PROVIDED RECORDS>
__________________________________________________

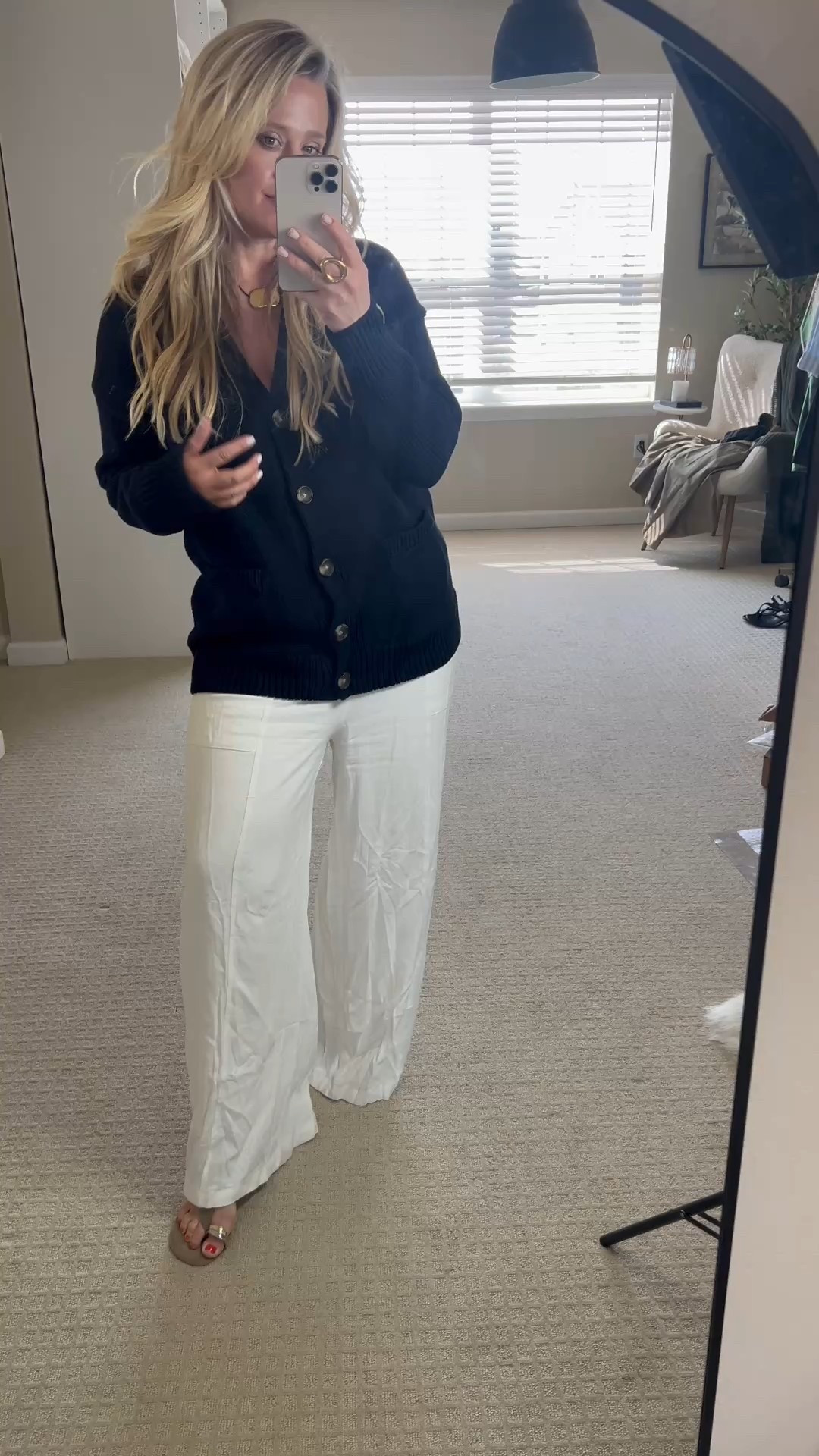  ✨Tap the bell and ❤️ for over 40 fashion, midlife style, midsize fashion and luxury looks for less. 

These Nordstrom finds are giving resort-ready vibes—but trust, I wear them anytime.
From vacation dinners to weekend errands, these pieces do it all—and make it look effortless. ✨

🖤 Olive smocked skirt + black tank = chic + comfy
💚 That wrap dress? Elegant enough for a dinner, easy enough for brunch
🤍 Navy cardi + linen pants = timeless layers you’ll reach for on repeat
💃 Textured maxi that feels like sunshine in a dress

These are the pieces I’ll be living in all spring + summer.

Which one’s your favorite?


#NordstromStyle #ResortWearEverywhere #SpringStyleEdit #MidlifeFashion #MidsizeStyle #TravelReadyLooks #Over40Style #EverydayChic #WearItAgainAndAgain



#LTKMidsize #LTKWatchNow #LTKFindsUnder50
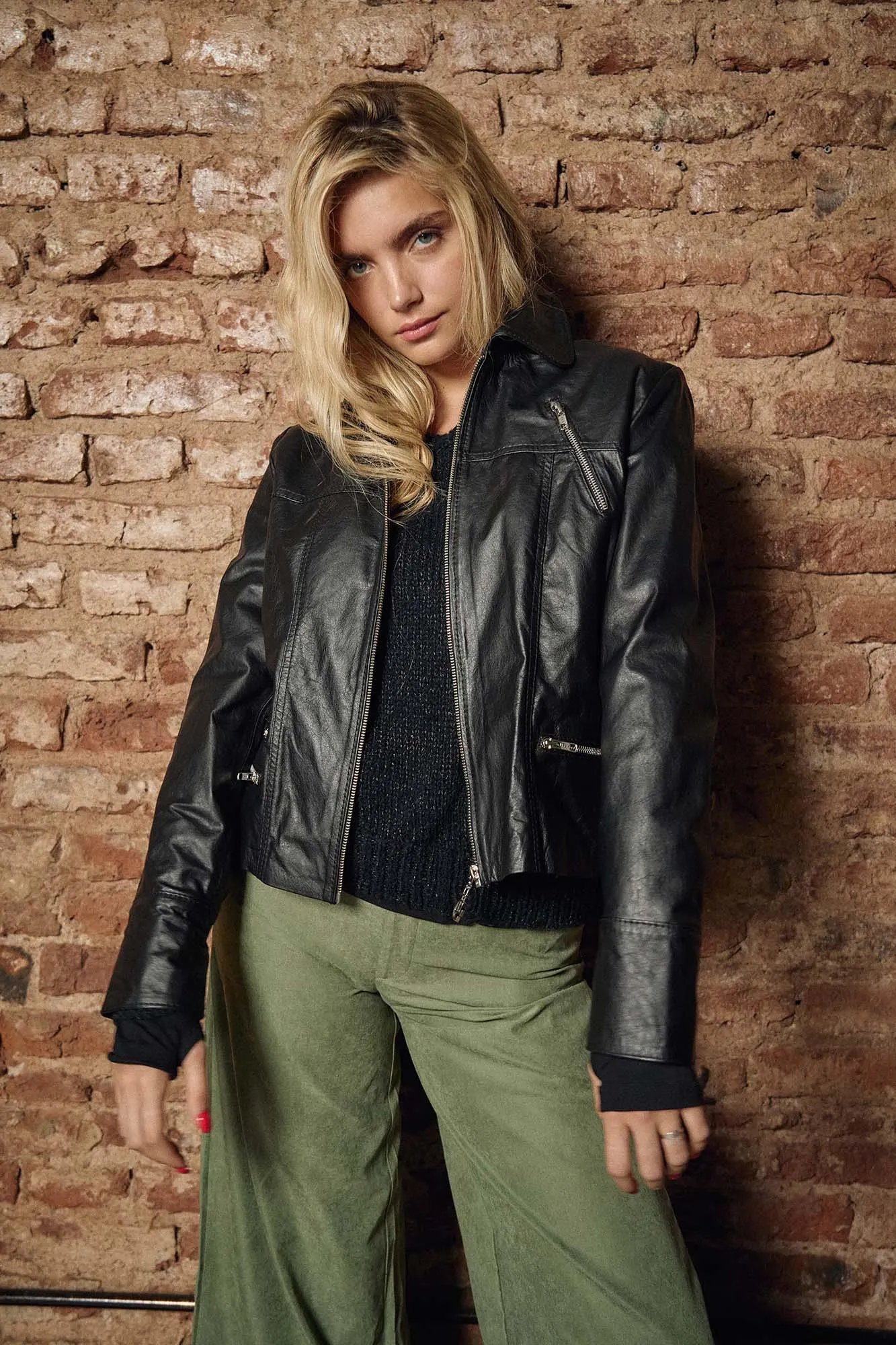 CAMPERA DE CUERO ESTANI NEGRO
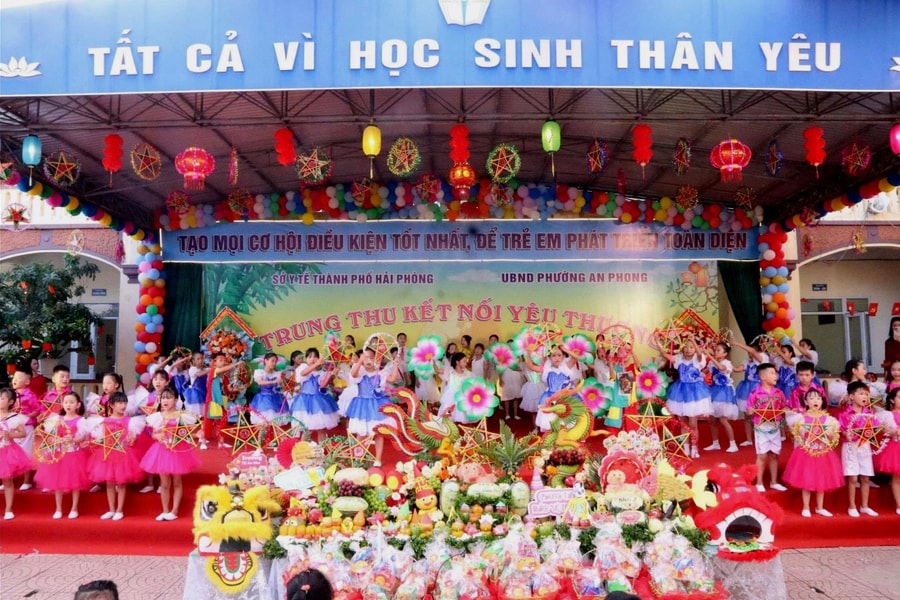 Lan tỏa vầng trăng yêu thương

__________________________________________________

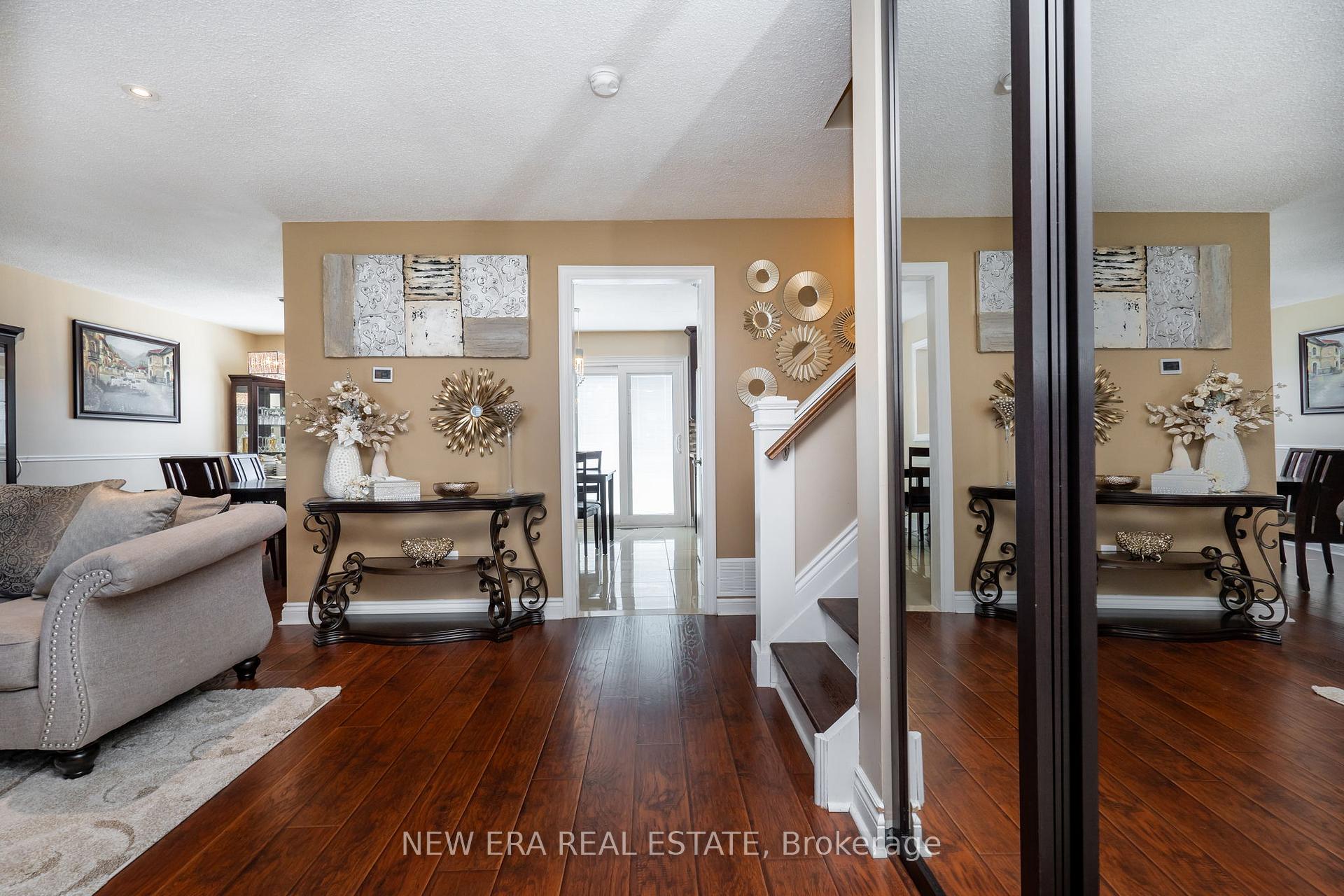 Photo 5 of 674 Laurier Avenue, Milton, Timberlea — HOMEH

__________________________________________________

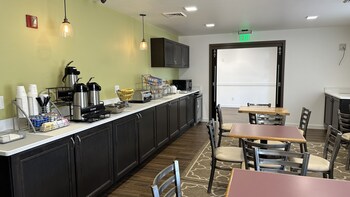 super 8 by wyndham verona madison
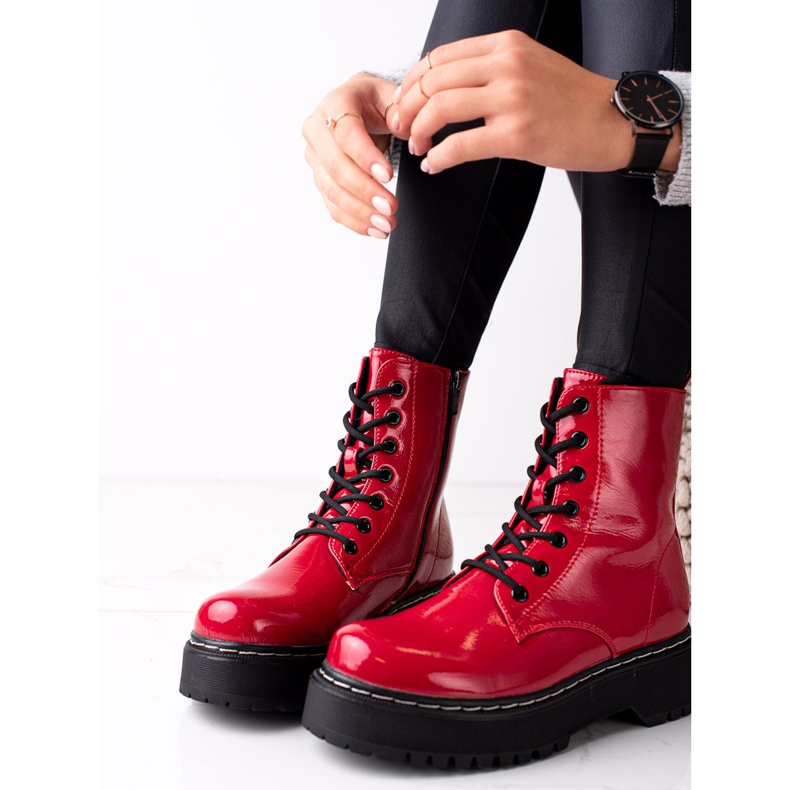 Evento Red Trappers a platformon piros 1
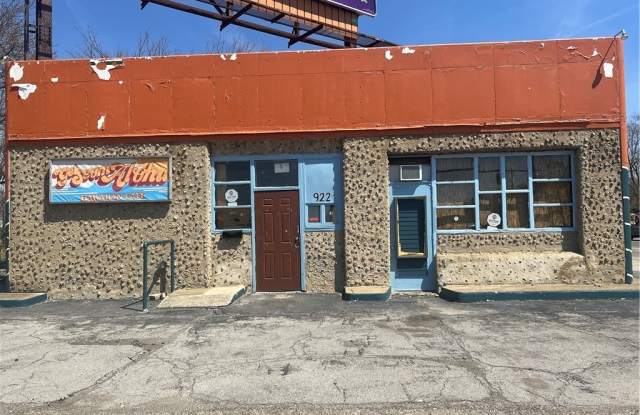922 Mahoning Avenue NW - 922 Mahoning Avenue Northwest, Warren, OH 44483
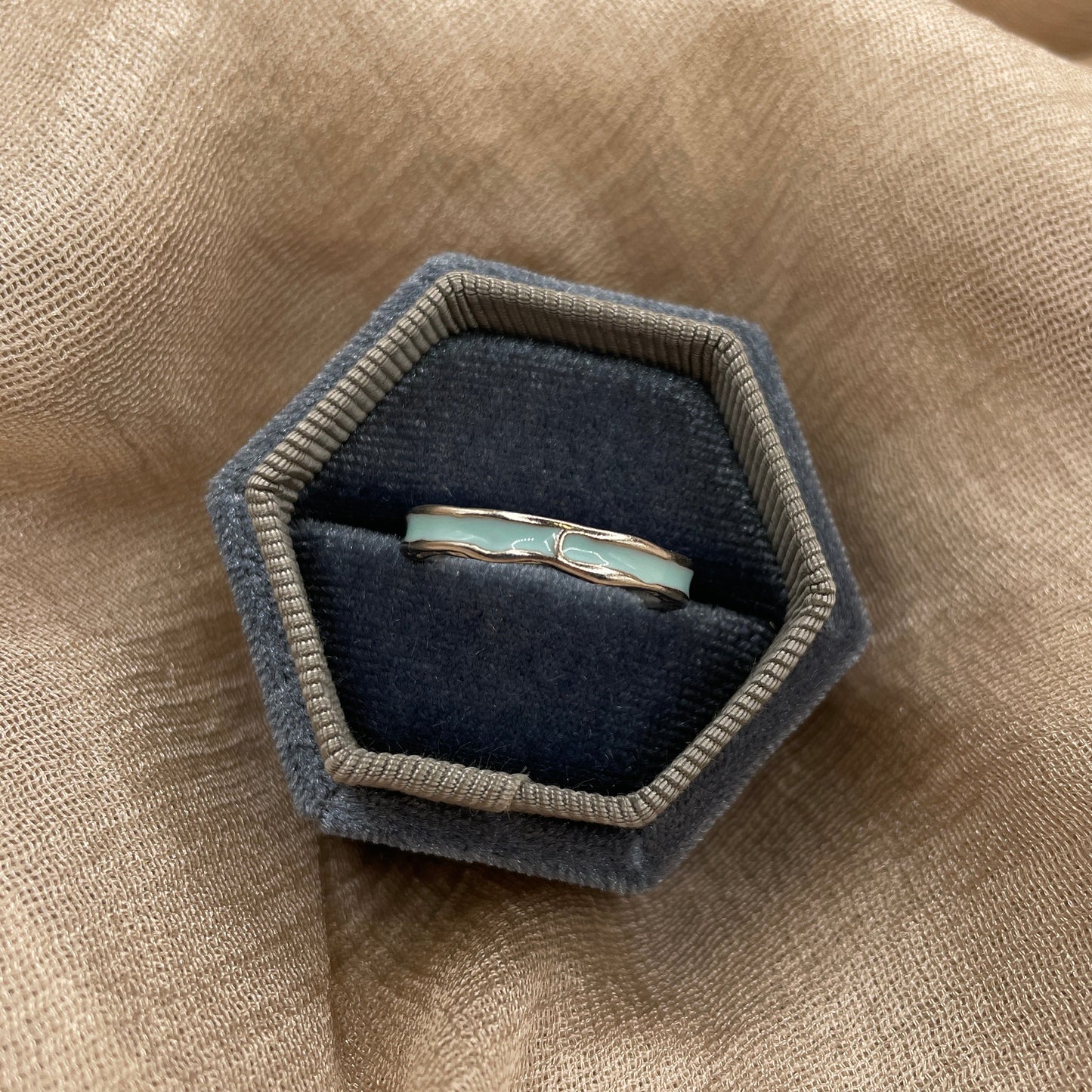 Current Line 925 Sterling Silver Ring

__________________________________________________

WHAT IS BEING ASKED> Return, exactly as they stand, the lines above from the one with "Which one’s your favorite?" to the one with "Lan tỏa vầng trăng yêu thương", omitting any pictures among them.

ANSWER BOX>
Which one’s your favorite?


#NordstromStyle #ResortWearEverywhere #SpringStyleEdit #MidlifeFashion #MidsizeStyle #TravelReadyLooks #Over40Style #EverydayChic #WearItAgainAndAgain



#LTKMidsize #LTKWatchNow #LTKFindsUnder50
 CAMPERA DE CUERO ESTANI NEGRO
 Lan tỏa vầng trăng yêu thương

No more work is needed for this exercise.